Bigquery job fails if input data doesn't follow the table datatype

433 views Asked by At

I'm used to running Hive queries on Hadoop and as per my experience even if input data doesn't follow the table datatype, the job doesn't fail. For example: if input data "abc" routes to a table column having 'Integer' datatype then 'NULL' gets inserted for that particular value.

In Big query, I have observed that the job fails in case of data value not strictly following the column datatype.

file-00000000: CSV table encountered too many errors, giving up. Rows: 1; errors: 1. (error code: invalid) query: Could not parse '2017-11-23' as a timestamp. Required format is YYYY-MM-DD HH:MM[:SS[.SSSSSS]]; Could not parse '2017-11-23' as datetime for field date (position 1) starting at location 0 (error code: invalidQuery)

For this example, if '2017-11-23' doesn't follow timestamp datatype then 'NULL' should have been inserted in the column rather than failing the job.

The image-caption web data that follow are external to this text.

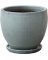 NS POT BOIS GRN 7.88"D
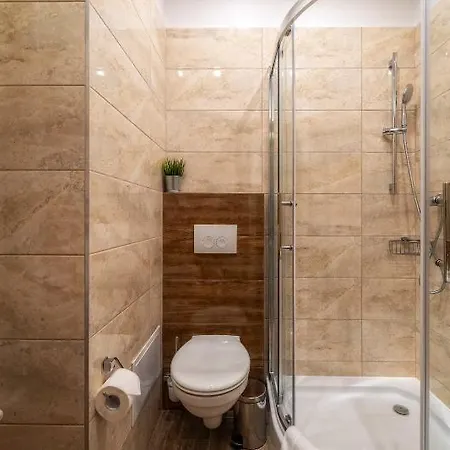 Lägenhet 17 Szewska *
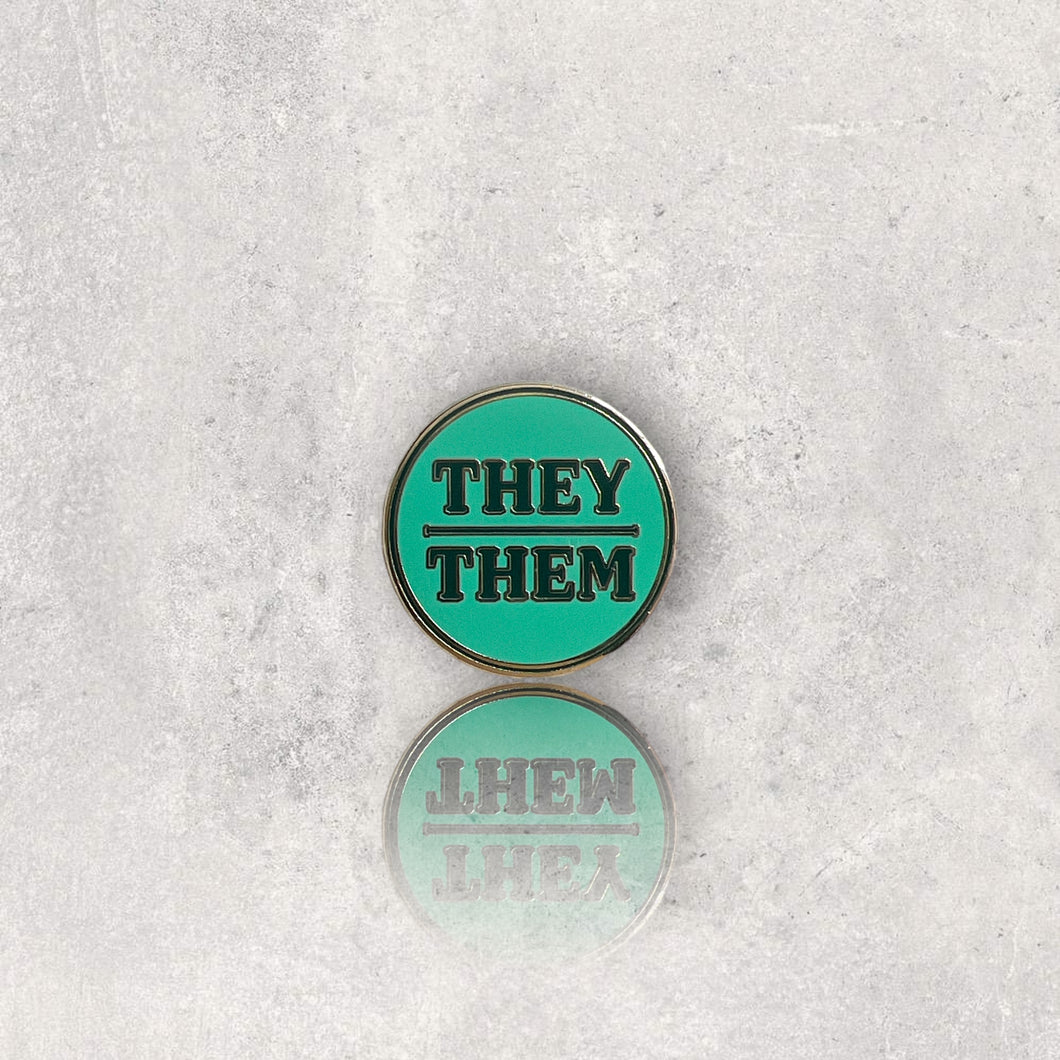 THEY︱THEM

Is there any way to restrict this behavior? My job shouldn't fail whatever the data is. Any insights?

1

There are 1 answers

0
Elliott Brossard On BEST ANSWER

A couple of options:

  • Use a STRING for the column type instead. With a query, you can transform the data e.g. using SAFE_CAST(timestamp_string AS TIMESTAMP) to get NULL values for invalid timestamps.
  • Use the configuration.load.maxBadRecords property to skip rows with invalid data. Note that this will omit the entire row if there is a bad value, however.